While this approach seems to be flexible and easy to conceptualize, it worries me that speed will be a major issue and that marshaling the individual vertex/index buffers and shaders to the GPU will be inefficient.

The second option then is the reverse, where I loop through all of my visible objects and acquire their vertices/indices and store them in one giant buffer. I then upload all the vertices in one batch.

The problem with that being that different objects have different materials attached and thus different shaders and i'm not sure what the flow would be to ensure that the correct triangles are associated with the right shaders.

Can anyone help me out with the ideal flow here?

Definitely appreciated.

Thanks!
Advertisement
Heya,

One thing that's really important is to minimize state changes (which is also true in fixed function pipeline).

Because of this, the higher end rendering engines will sort objects based on their rendering properties so that objects using the same shaders will get rendered at the same time.

There's a rough list of the order in which things get more expensive. I don't remember what that is but hopefully someone else can chime in (and also give you info about other things you should be watching out for or doing different).
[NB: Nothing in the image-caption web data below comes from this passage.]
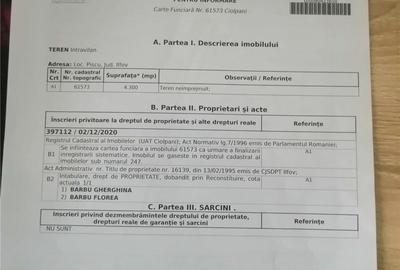 Teren de 4300 mp, în Piscu - 4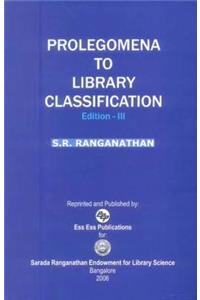 Prolegomena to Library Classification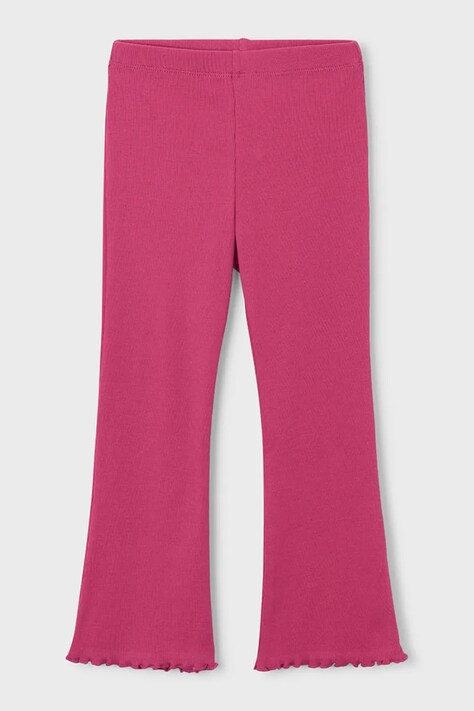 Mayoral spodnie dziecięce kolor różowy gładkie 3720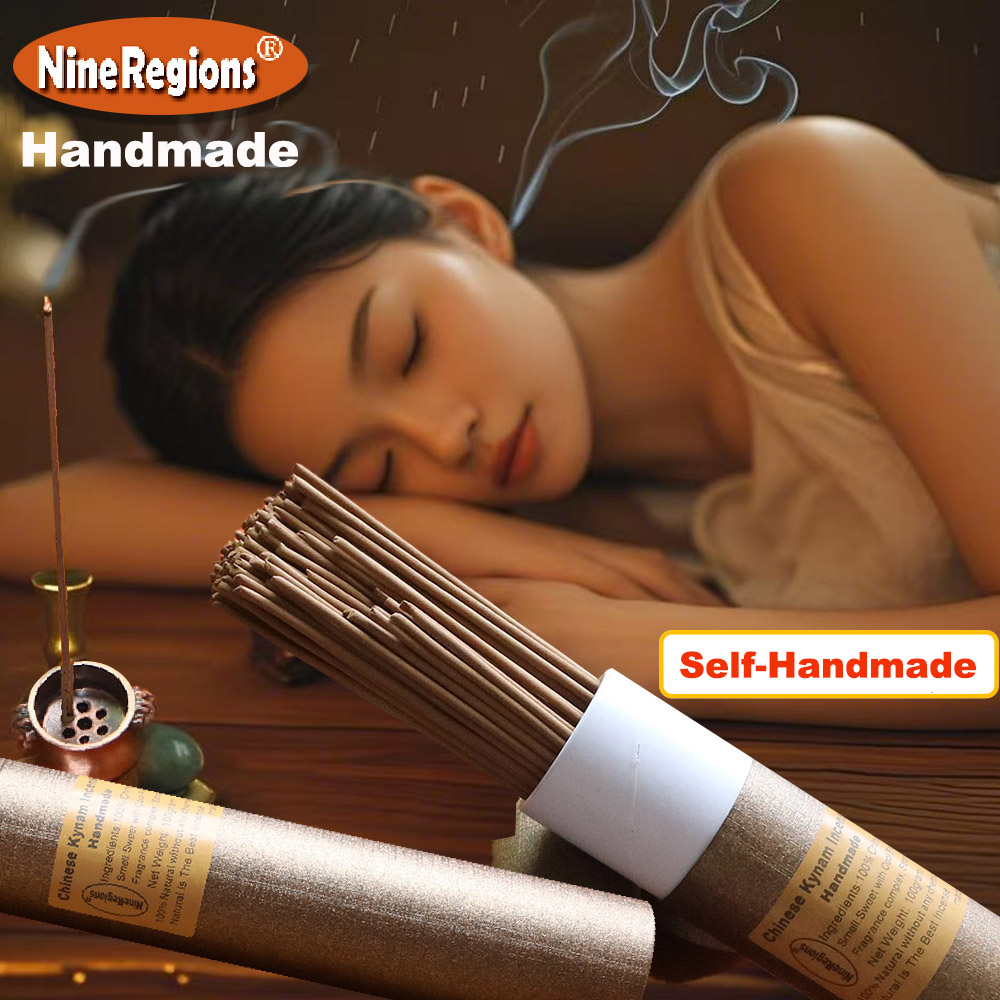 Home Fragrance Organic - Premium QiNan Oudh wierookstokjes, handgemaakt, milieuvriendelijk,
But like for instance changing parameters to a shader is less expensive than changing a shader, so you would sort the list accordingly.

Another thing is that some people render there scene once to the Z buffer only, then render again to the screen using Z equals for a z func.

What this does is make it so only visible pixels get pixel shaders calculated for them. Rendering only to the z buffer is quite a fast operation, so it's a good way to make sure you aren't taking the time to shade a pixel then just over-writing it with another pixel.

That would only matter if your game had a lot of pixel over-draw though.

And my last advice for you is avoid branching and looping in your shaders (if statements and loops).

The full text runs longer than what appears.